Nevertheless, with so many talented engineers in our team, we find that, overall, Rust improves productivity and code quality significantly while keeping the negative impact under control.
Learning from our experience
This blog is not about convincing every database development team to abandon their entire C++ codebase and rewrite their system in Rust from scratch. Instead, its primary purpose is to tell people why we made such a decision. Rewriting the entire code base is no fun; instead, it's excruciating for a startup where wasting time is suicidal. In fact, despite the apparent benefits brought by Rust, we probably wouldn't have made this tough decision without the following key factors:
- We were at that time refactoring our code base to adapt to our new system architecture, and rewriting (at least a portion of) the codebase became inevitable.
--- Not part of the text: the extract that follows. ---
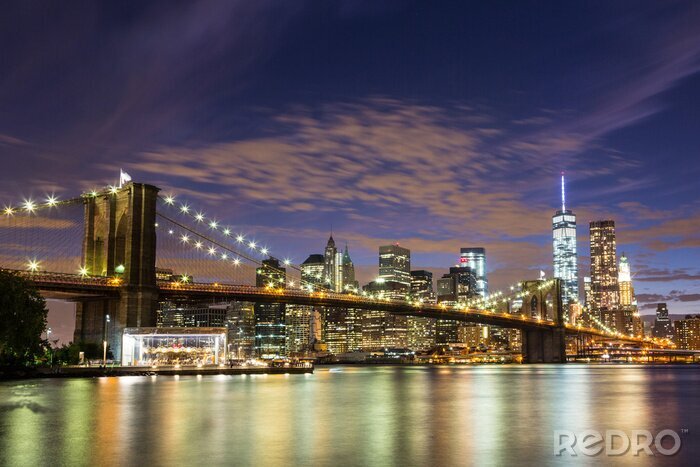 Bild Beleuchtete New Yorker Brücke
- We have a few Rust enthusiasts (Rustaceans!) in our team, and they kept evangelizing Rust to other engineers and convinced the entire team that rewriting in Rust was a practical option.
- We expanded our engineering team rapidly, and more engineers joined us in the summer of 2021, which significantly accelerated the codebase rewriting.
Rust is a cool programming language, and everyone should try it. But don’t rewrite your project simply because it is cool to do so. If you are considering whether to rewrite your production-level project in Rust, then please ask yourself the following questions:
- Will low-level programming, performance, memory safety, and package management become a concern for your project?
- Do you have any Rust experts who can help avoid potential pitfalls?
- How long will it take to rewrite this project?
- Will you miss any critical deadlines because of the rewriting?
- Do you have in-house training programs on Rust?
You can decide after careful deliberation of answers to these questions. Again, Rust (or any other language) will never determine the destiny of your project. But making a wise choice may save you hundreds or even thousands of man-months.